AIM OF THE TASK: Output exactly the lines that run from the start of the records to the line with "starý polštář nádobí", counting both ends, and skip the pictures.

[Dataset records]
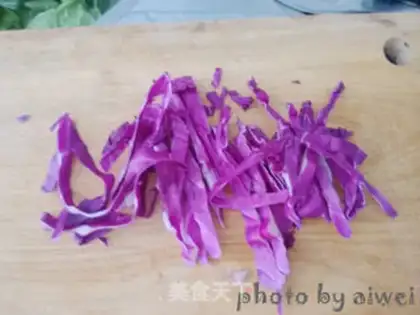 Make A salad with vinegar step 4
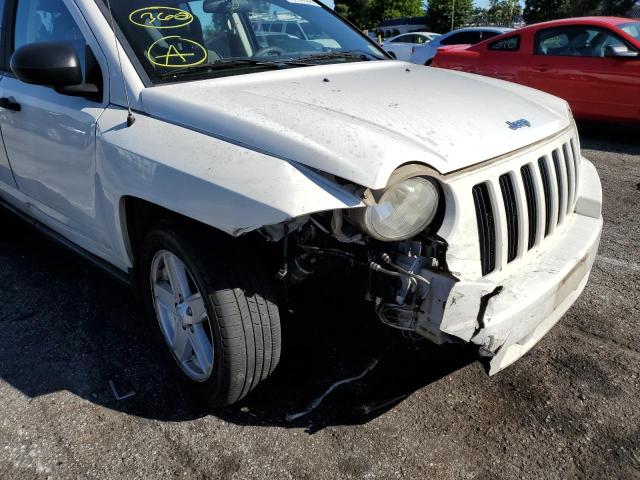 1J8FT47W47D291004 - 2007 JEEP COMPASS WHITE photo 9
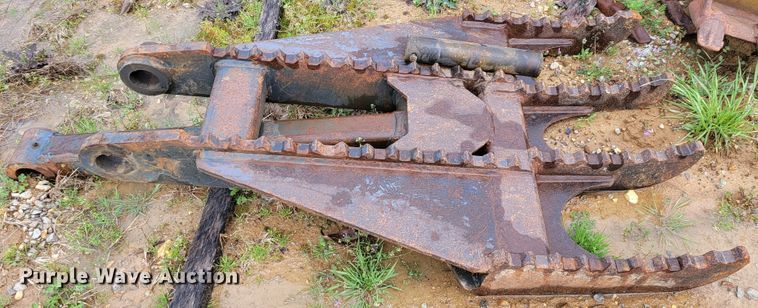 image for item FL9092 2009 John Deere 240D LC  excavator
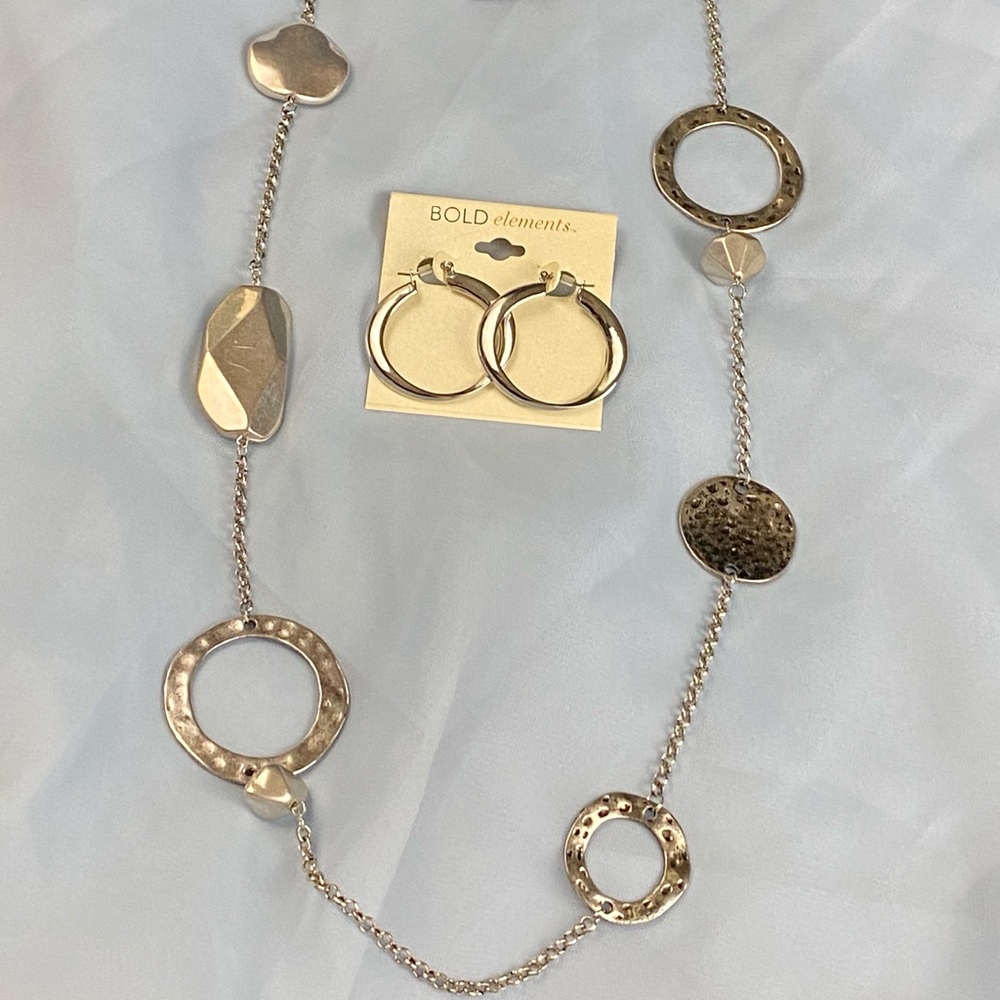 NECKLACE & EARRINGS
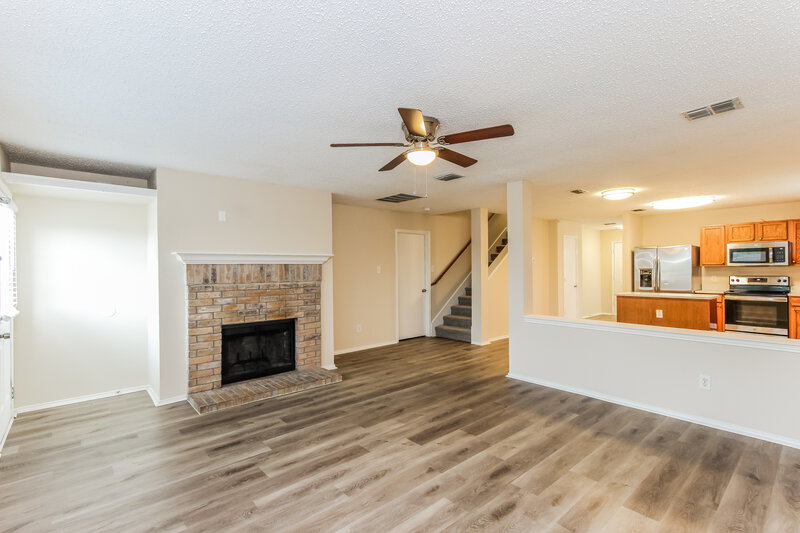 2,455/Mo, 2966 Marquis Ln Lancaster, TX 75134 Living Room View 2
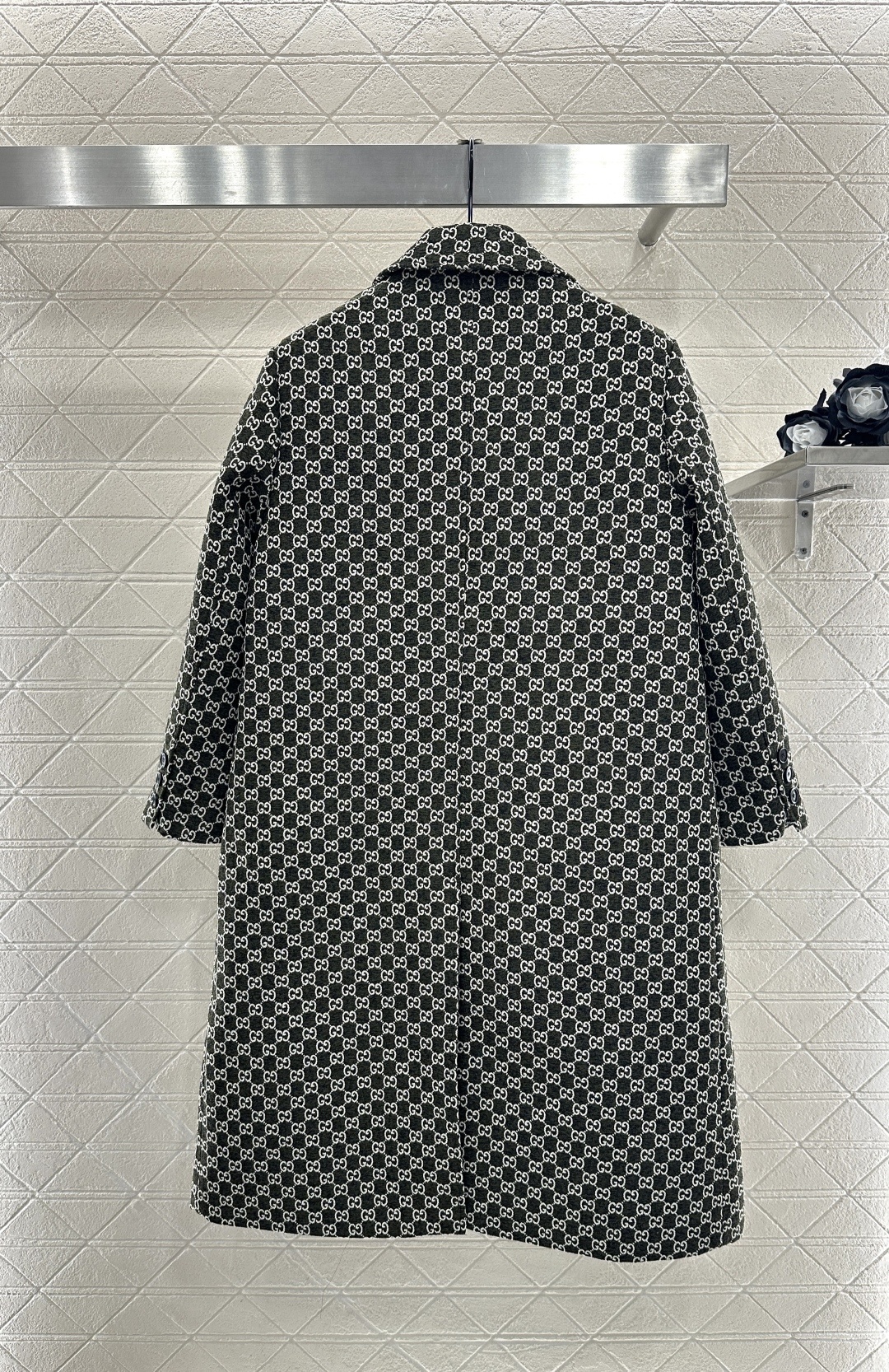 ♥Gucc*♥2025新品上架 翻领提花长款大衣外套定制YB进口羊毛提花材质,成衣质感品相绝佳,长款翻领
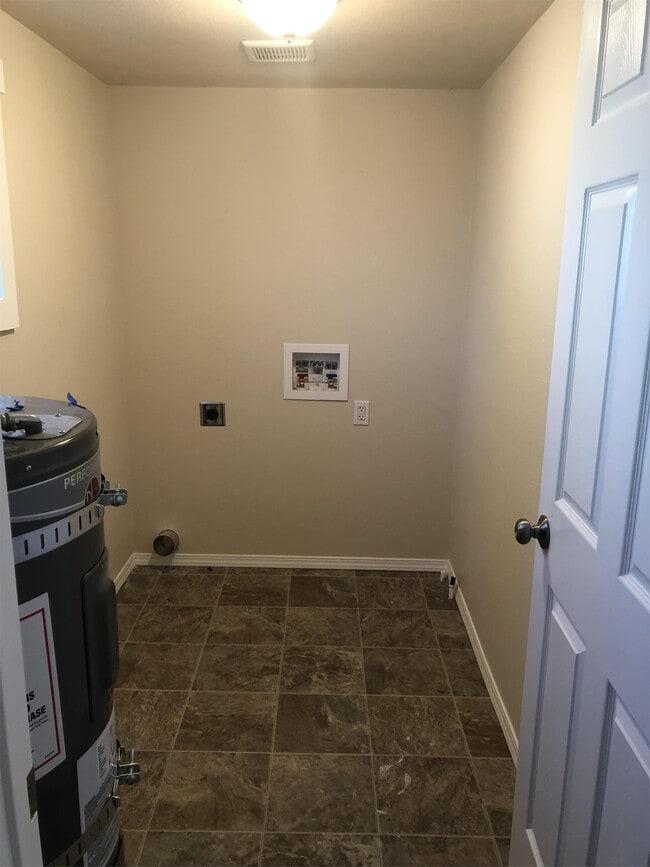 Building Photo - 4128 W F St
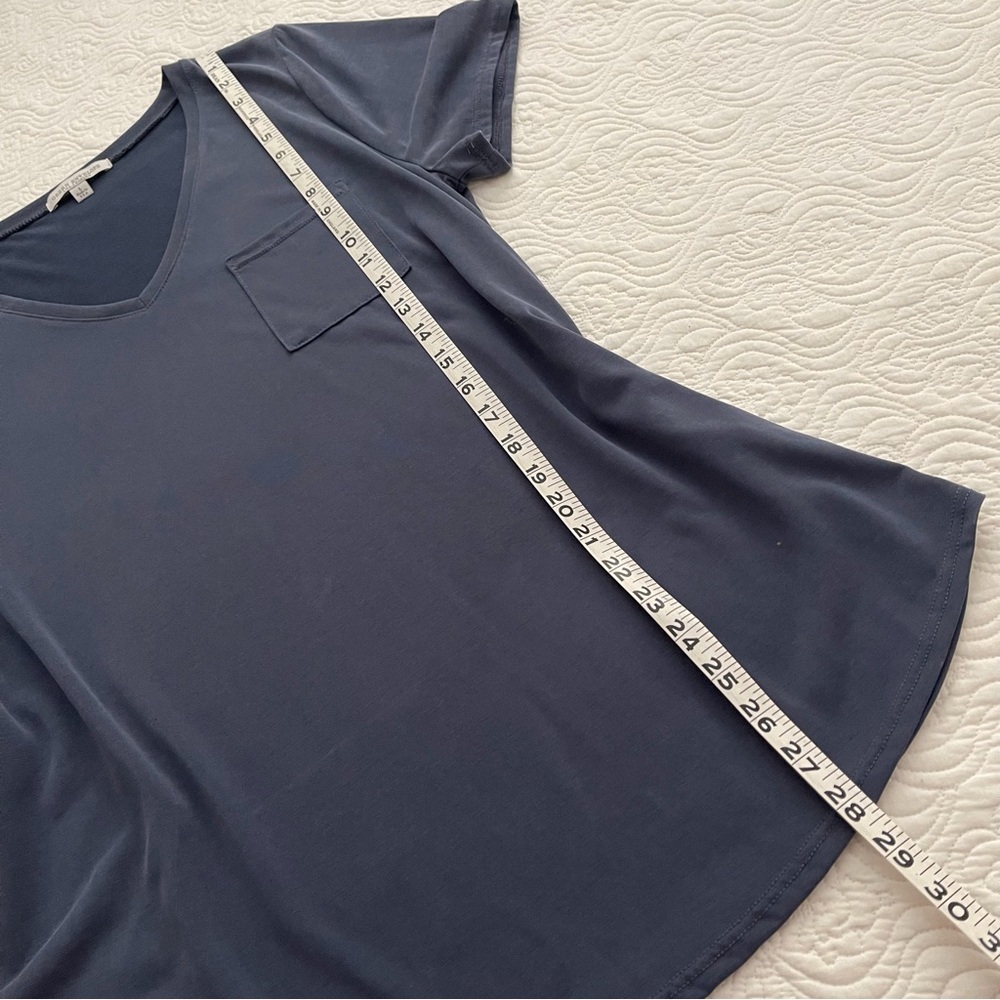 Green Envelope Short Sleeve V-Neck Top Sz L - Picture 7 of 11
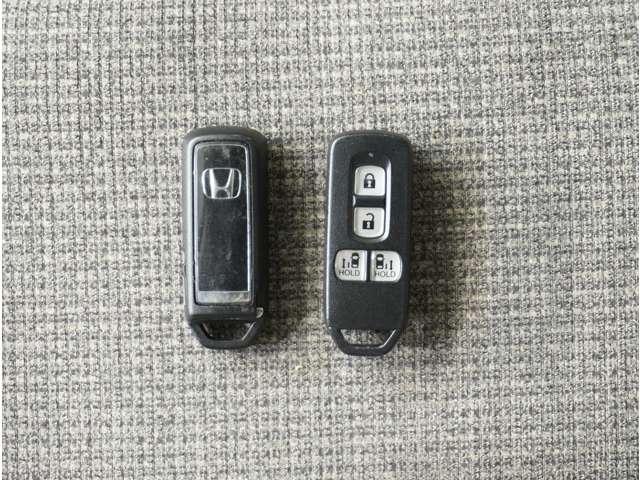 G・Lホンダセンシング ナビ バックカメラ ETC シートヒーター 両側電動スライドドア LEDヘッドライト 前席シートヒーター サイドエアバッグ カーテンエアバッグ オートエアコン スマートキー(15枚目)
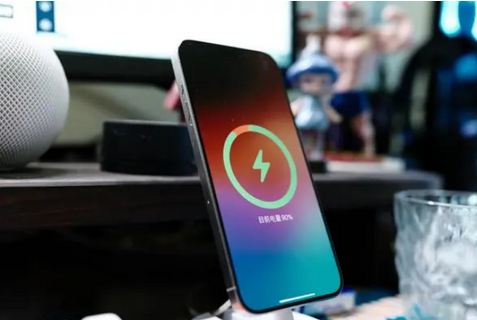 富文镇苹果15换屏服务分享用什么充电器给iPhone15充电更好 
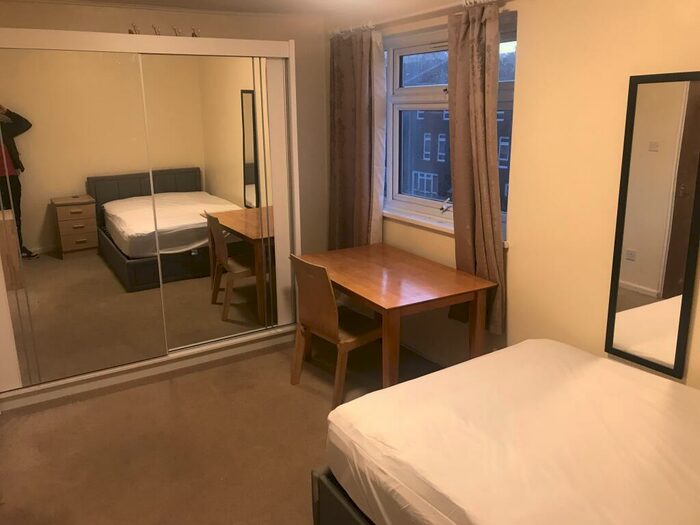 4 Bedroom Terraced House To Rent In Hillingdon Street, London, SE17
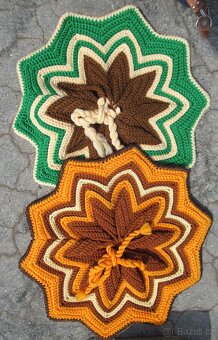 starý polštář nádobí lustr světlo židle hrneček talíř příbor - 7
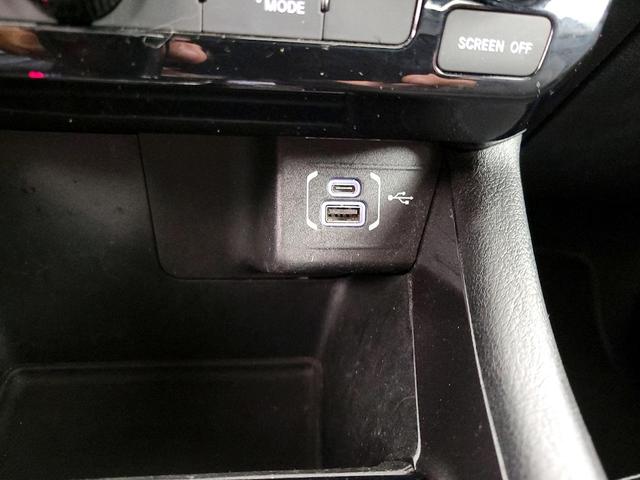 Photo of 2023 White Jeep Compass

OUTPUT FOR THIS EXERCISE:
 Make A salad with vinegar step 4
 1J8FT47W47D291004 - 2007 JEEP COMPASS WHITE photo 9
 image for item FL9092 2009 John Deere 240D LC  excavator
 NECKLACE & EARRINGS
 2,455/Mo, 2966 Marquis Ln Lancaster, TX 75134 Living Room View 2
 ♥Gucc*♥2025新品上架 翻领提花长款大衣外套定制YB进口羊毛提花材质,成衣质感品相绝佳,长款翻领
 Building Photo - 4128 W F St
 Green Envelope Short Sleeve V-Neck Top Sz L - Picture 7 of 11
 G・Lホンダセンシング ナビ バックカメラ ETC シートヒーター 両側電動スライドドア LEDヘッドライト 前席シートヒーター サイドエアバッグ カーテンエアバッグ オートエアコン スマートキー(15枚目)
 富文镇苹果15换屏服务分享用什么充电器给iPhone15充电更好 
 4 Bedroom Terraced House To Rent In Hillingdon Street, London, SE17
 starý polštář nádobí lustr světlo židle hrneček talíř příbor - 7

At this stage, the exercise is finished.